## TASK INSTRUCTIONS
Find the line below with "Tasty lemon bars on white table, closeup" and the line with "Person wearing a". Output exactly those lines and everything between them, leaving out the pictures.

## MATERIAL PROVIDED

***

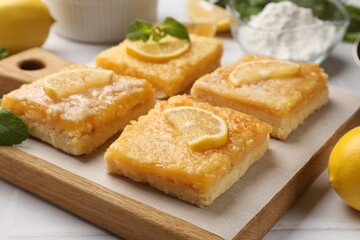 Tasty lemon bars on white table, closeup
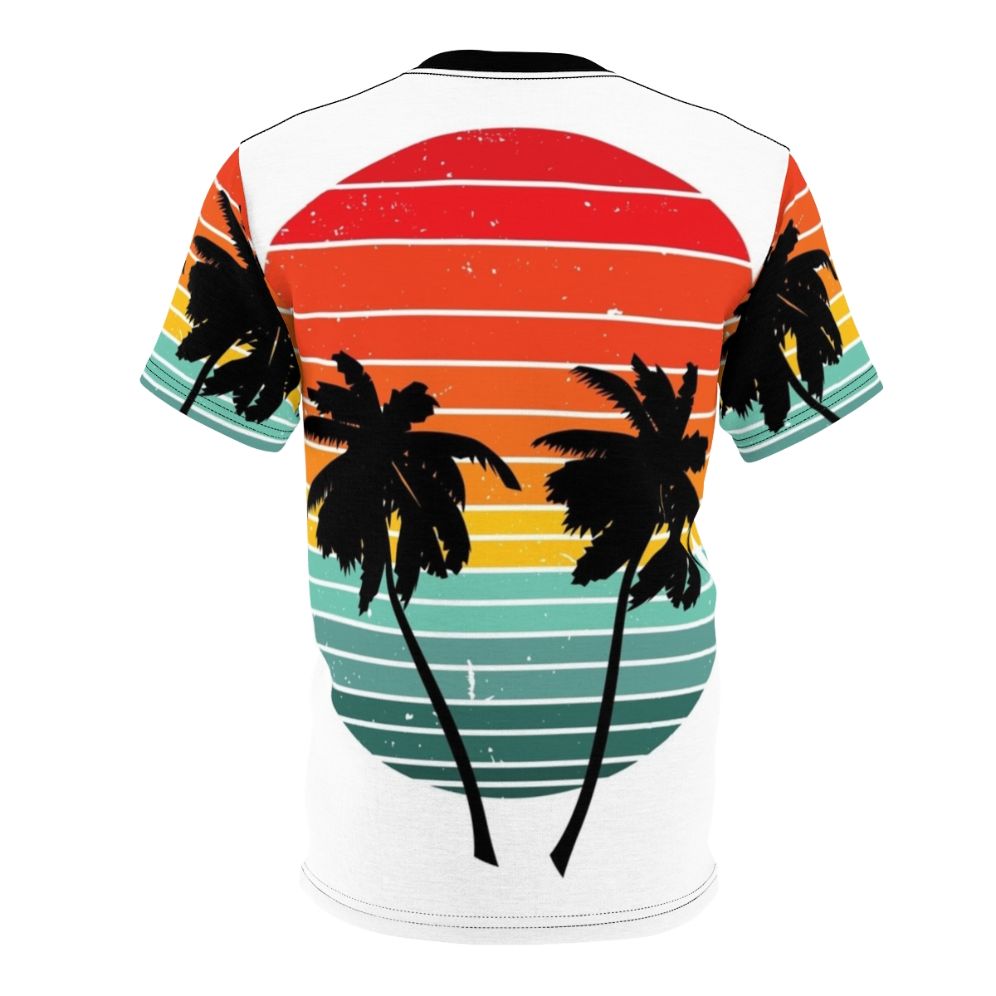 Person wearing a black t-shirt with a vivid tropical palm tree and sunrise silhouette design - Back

***

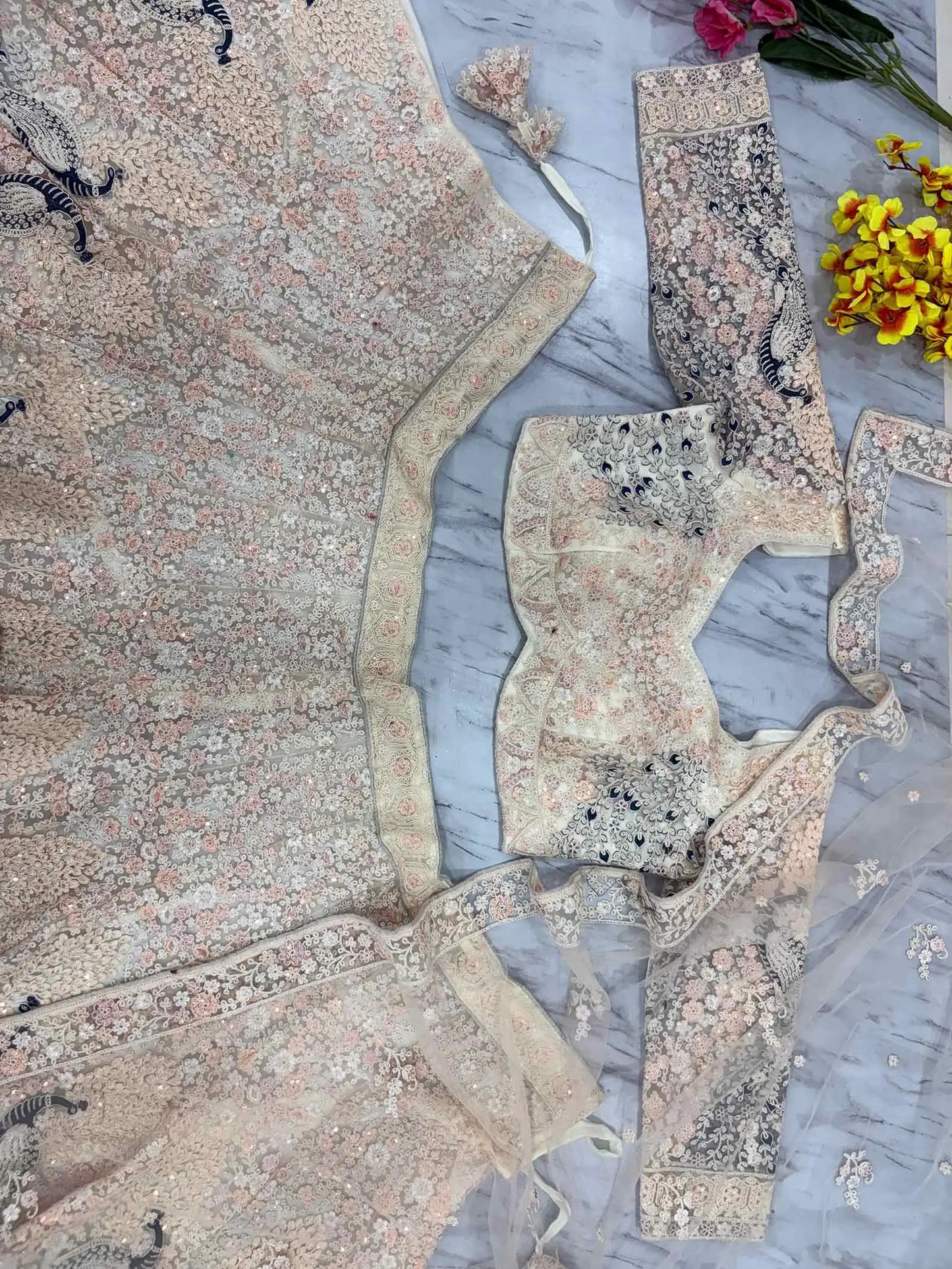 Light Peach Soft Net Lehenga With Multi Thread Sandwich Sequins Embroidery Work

***

## REPLY
 Tasty lemon bars on white table, closeup
 Person wearing a black t-shirt with a vivid tropical palm tree and sunrise silhouette design - Back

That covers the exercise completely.